Even after nine years, the New Albany Walking Classic is still finding ways to grow and improve.
The annual event, which draws 3,000 participants and hundreds more spectators to the streets of New Albany, has firmly cemented itself as a popular citywide event that promotes and educates neighboring communities about creating healthier habits and dietary choices.
“For us, it’s not a fundraiser; it’s a way to get people to adopt a healthy lifestyle. We don’t want people doing this event because they have to raise money for something,” says Walking Classic founder Phil Heit. Still, all money raised by the race goes to charities and endowments to promote health in New Albany.
“We donate all of the money anyway. We donate more, percentage-wise, than any other race anywhere,” Heit says. That’s because all race workers and organizers are volunteers.
The 2013 race will be better than ever, Heit says.
“This year we have so many more food vendors. This is not the kind of event where they’re giving out apples and bottles of water. We have Brio, Rusty Bucket, Steak Escape, Cameron Mitchell and Subway; the list goes on and on.
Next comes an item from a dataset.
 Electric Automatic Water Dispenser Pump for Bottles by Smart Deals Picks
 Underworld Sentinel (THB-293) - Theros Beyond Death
There are about 20 food vendors,” he says.
Each participant also receives a special insulated black race jacket valued at several times the registration fee.
Heit created the event to give walkers their own premier event similar to the races for runners that are so prevalent across the country.
“If twice as many people in the United States walk instead of run, why not have an event for walkers, only on the same scale as what’s done for runners?” he says.
And with each year has come increased popularity for the event – so much that organizers have had to set a cap on the number of participants.
“What’s more important to us is the quality of the event versus getting numbers of people.” Heit says. “The pace of registrations for this year's Walk is double the pace of that of 2012.”
The maximum is 3,000 walkers and Heit anticipates the walk will sell out very quickly.
“The roads can only hold so many. Therefore, if we expand, we’d have to change the course, so we’re going to keep it in the neighborhood,” he says.
The course, which Heit says is “gorgeous,” winds through the city and highlights much of what New Albany has to offer.
While the Walking Classic is generally recognized as a community event, New Albany residents only make up about 15-18 percent of the people who participate, Heit says. The rest come from all over the country – more than 250 ZIP codes.
Nearly 80 percent of the participants are women, and the average age of all participants is in the mid-40s. It is this demographic that makes the decisions in the family about what is spent on purchases, whether for health care or buying groceries. This is a major reason why many sponsors seek a partnership with the Walk, Heit says.
Heit has grand plans for the Walking Classic. Stay tuned for possible major announcements in the future.
The New Albany Walking Classic is scheduled for 8 a.m. Sept. 8 in Market Square. Registration, which is available online at newalbanywalkingclassic.com, for the 10K is $45 through the end of July and $50 through the end of August. Half Marathon registration is $55 through the end of July and $60 through the end of August.
Race packets must be picked up between 4-8 p.m. Sept. 6 or 9 a.m.-5 p.m. Sept. 7 at the Jeanne B. McCoy Community Center for the Arts. Photo ID is required for pickup.